> **WHAT IS REQUIRED**
From the line that contains "Base: Orange Surya" to the last line of the entries, write each line out exactly; include both ends and nothing else.

> **Short descriptive text snippets**
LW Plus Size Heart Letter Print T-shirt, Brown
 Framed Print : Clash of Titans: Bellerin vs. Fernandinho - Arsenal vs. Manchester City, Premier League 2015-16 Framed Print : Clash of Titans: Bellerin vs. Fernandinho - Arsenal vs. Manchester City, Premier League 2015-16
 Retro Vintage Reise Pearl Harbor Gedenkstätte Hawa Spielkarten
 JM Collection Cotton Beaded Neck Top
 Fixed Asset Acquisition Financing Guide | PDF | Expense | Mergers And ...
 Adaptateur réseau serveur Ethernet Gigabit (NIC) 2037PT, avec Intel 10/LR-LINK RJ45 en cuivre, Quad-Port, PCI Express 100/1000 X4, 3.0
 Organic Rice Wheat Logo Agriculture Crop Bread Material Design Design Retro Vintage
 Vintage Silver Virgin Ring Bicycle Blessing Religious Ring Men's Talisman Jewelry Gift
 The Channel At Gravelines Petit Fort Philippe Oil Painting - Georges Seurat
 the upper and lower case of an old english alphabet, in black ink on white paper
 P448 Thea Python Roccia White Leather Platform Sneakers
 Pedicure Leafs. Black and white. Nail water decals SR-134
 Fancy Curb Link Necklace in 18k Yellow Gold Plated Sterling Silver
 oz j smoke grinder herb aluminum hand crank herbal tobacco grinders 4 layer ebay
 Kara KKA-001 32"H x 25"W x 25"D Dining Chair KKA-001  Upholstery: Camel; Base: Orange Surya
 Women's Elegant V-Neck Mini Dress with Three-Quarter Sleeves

> **WRITTEN RESPONSE**
 Kara KKA-001 32"H x 25"W x 25"D Dining Chair KKA-001  Upholstery: Camel; Base: Orange Surya
 Women's Elegant V-Neck Mini Dress with Three-Quarter Sleeves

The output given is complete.